Un ex-djihadiste qui a fait œuvre de repentance peut-il être écouté? Les sénateurs de la commission d’enquête sur les filières djihadistes proposent, dans un rapport rendu public début avril, de «s’appuyer sur la parole d’anciens djihadistes ou extrémistes repentis» pour dissuader ceux qui sont sur le point de partir.
Cette recommandation repose sur des expériences anglo-saxonnes d’anciens extrémistes qui se sont rangés au côté des autorités pour participer à des programmes de désendoctrinement.
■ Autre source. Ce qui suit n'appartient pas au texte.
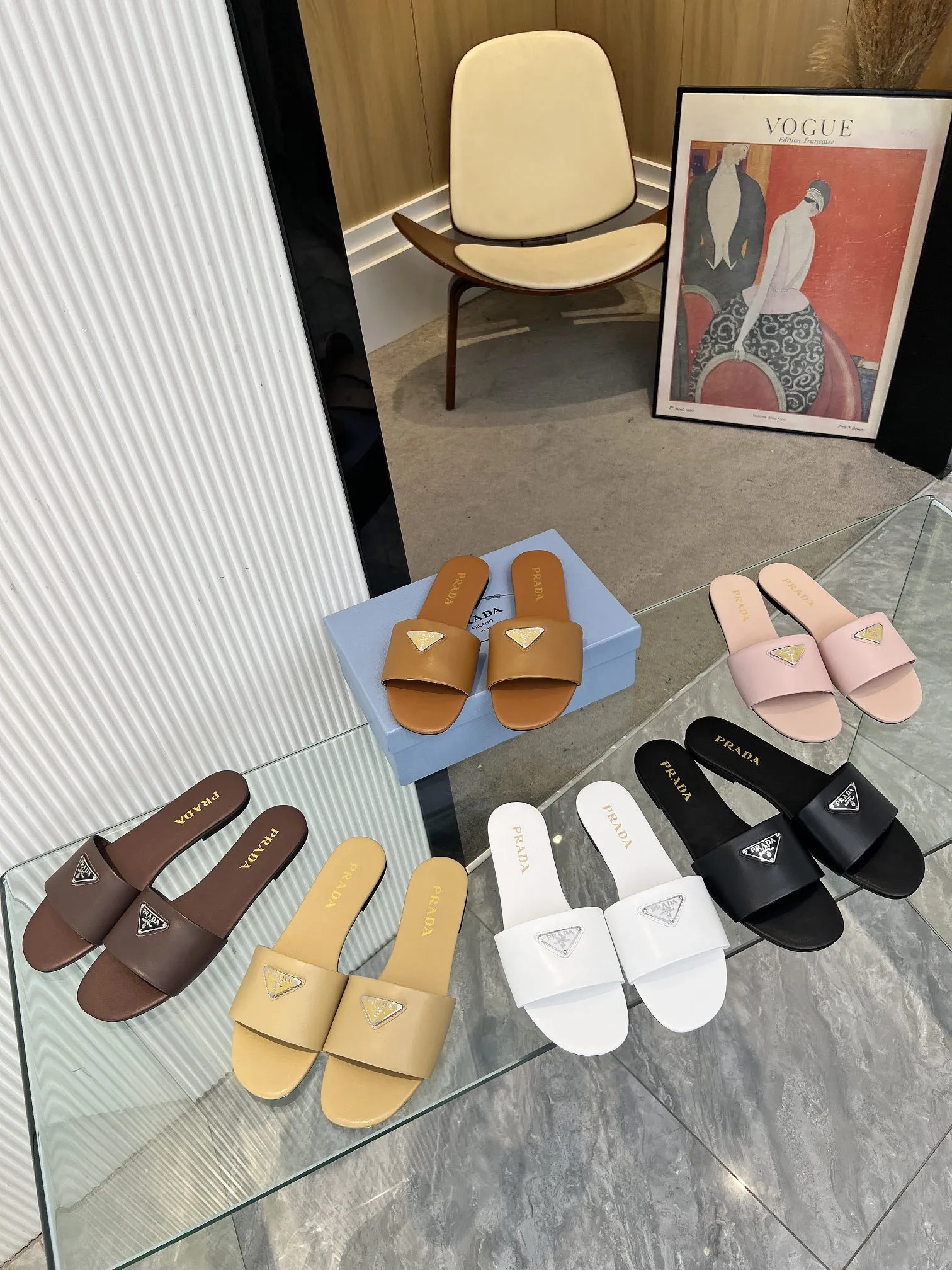 普拉达,2024最新款,码数35-43,出厂价:150(真皮底加30)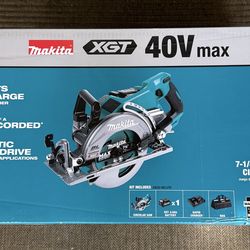 Makita 40V Max XGT Brushless Cordless Rear Handle 7-1/4 in. Circular Saw Kit (4.0 Ah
Par exemple, la fondation Quilliam, un think tank qui réfléchit à des stratégies contre-terroristes, a été créée par Maajid Nawaz, lui-même radical repenti. En France, les autorités françaises sont frileuses et estiment que cet appui peut s’avérer dangereux s’il n’est pas maîtrisé. Explications.

1.432 personnes impliquées

Depuis quelques mois, la hausse du nombre de Français de retour dans l’Hexagone s’est accélérée. Avec «une vague plus importante en décembre dernier», indique à 20 Minutes une source au ministère de l’Intérieur. A titre d’exemple, la Direction générale de la sécurité intérieure (DGSI) suivait 1.050 personnes impliquées dans les filières irako-syriennes en novembre 2014, contre 1.432 au 9 mars dernier, soit 25% de plus en à peine cinq mois. Si la première vague de retours en 2013 était davantage motivée par les rivalités entre islamistes en Syrie, les raisons de ce deuxième épisode sont davantage floues.